→ **RECORDS SUPPLIED**:
┌──
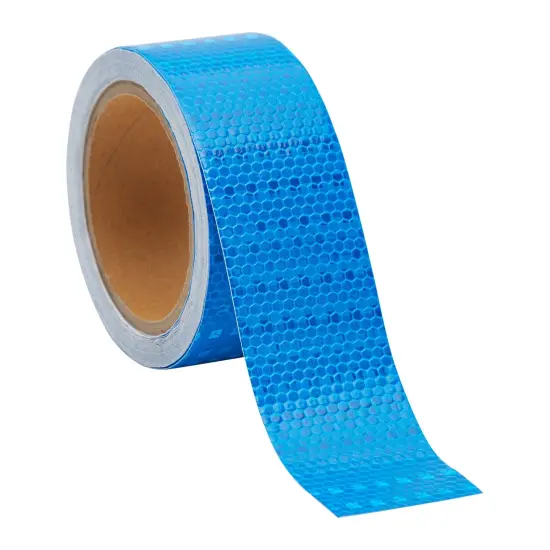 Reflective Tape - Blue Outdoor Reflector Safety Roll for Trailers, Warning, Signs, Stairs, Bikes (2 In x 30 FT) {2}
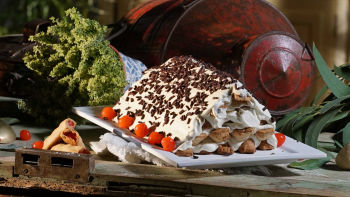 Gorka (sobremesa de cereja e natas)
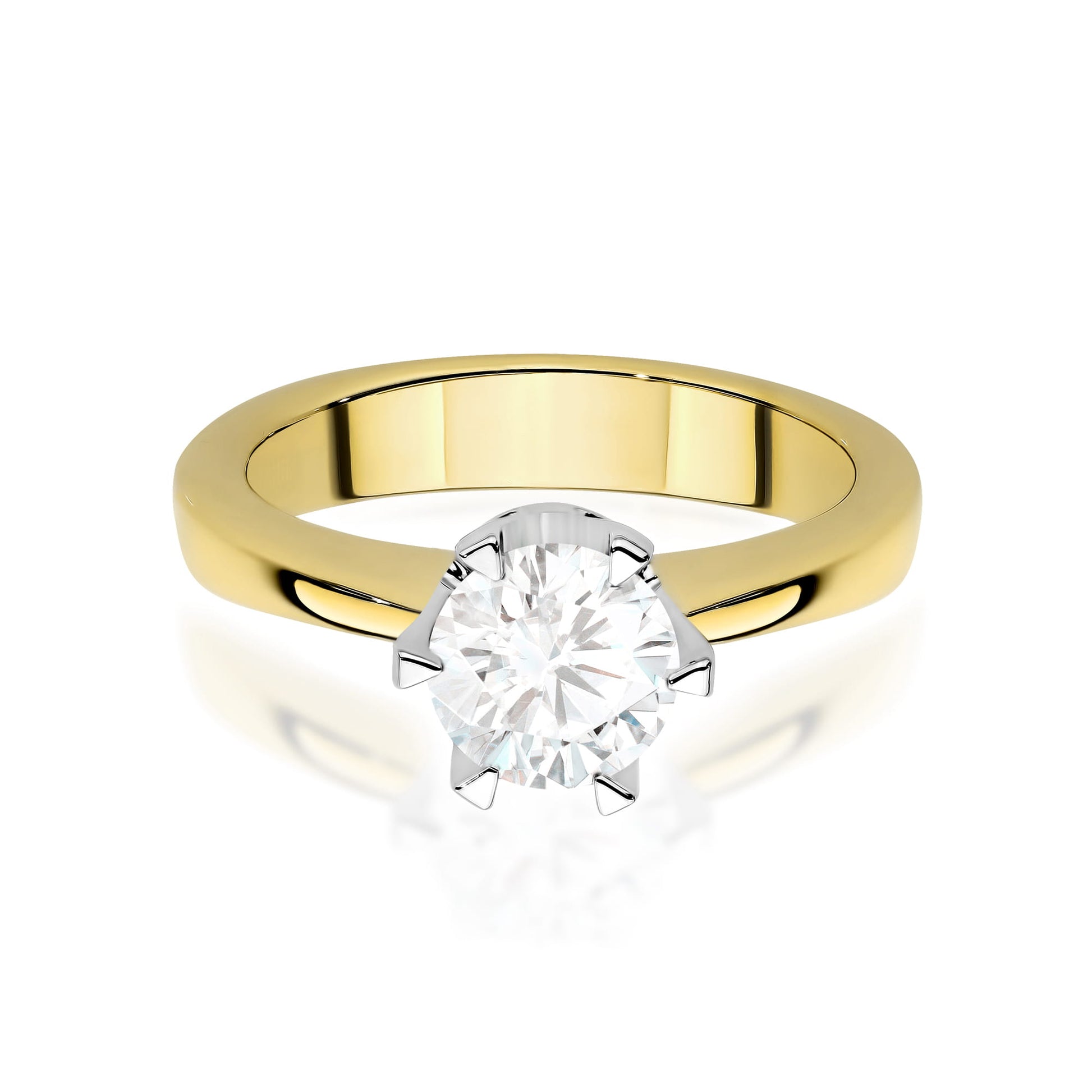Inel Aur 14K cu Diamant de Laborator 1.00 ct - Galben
└──
┌──
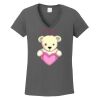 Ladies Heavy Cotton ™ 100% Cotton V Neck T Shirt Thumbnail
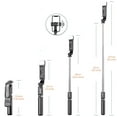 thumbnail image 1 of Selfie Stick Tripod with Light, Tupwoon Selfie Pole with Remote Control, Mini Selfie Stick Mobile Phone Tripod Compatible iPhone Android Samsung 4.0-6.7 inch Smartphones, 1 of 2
└──
┌──
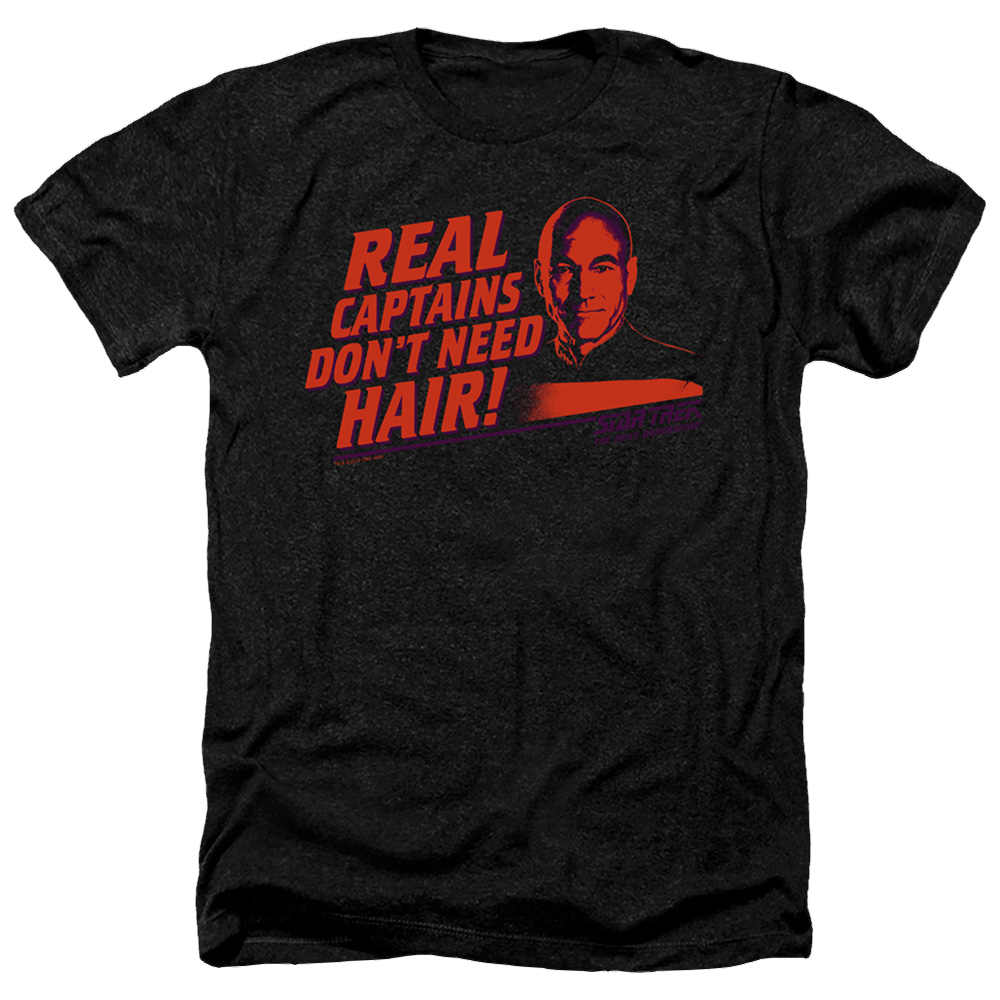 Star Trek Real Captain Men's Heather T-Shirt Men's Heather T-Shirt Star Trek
└──
→ **TASK TO COMPLETE**: Pictures in the material above should be skipped; print exactly the lines from the one with "Reflective Tape - Blue" through the one with "Inel Aur 14K".

→ **SOLUTION FOR THIS EXERCISE**:
 Reflective Tape - Blue Outdoor Reflector Safety Roll for Trailers, Warning, Signs, Stairs, Bikes (2 In x 30 FT) {2}
 Gorka (sobremesa de cereja e natas)
Inel Aur 14K cu Diamant de Laborator 1.00 ct - Galben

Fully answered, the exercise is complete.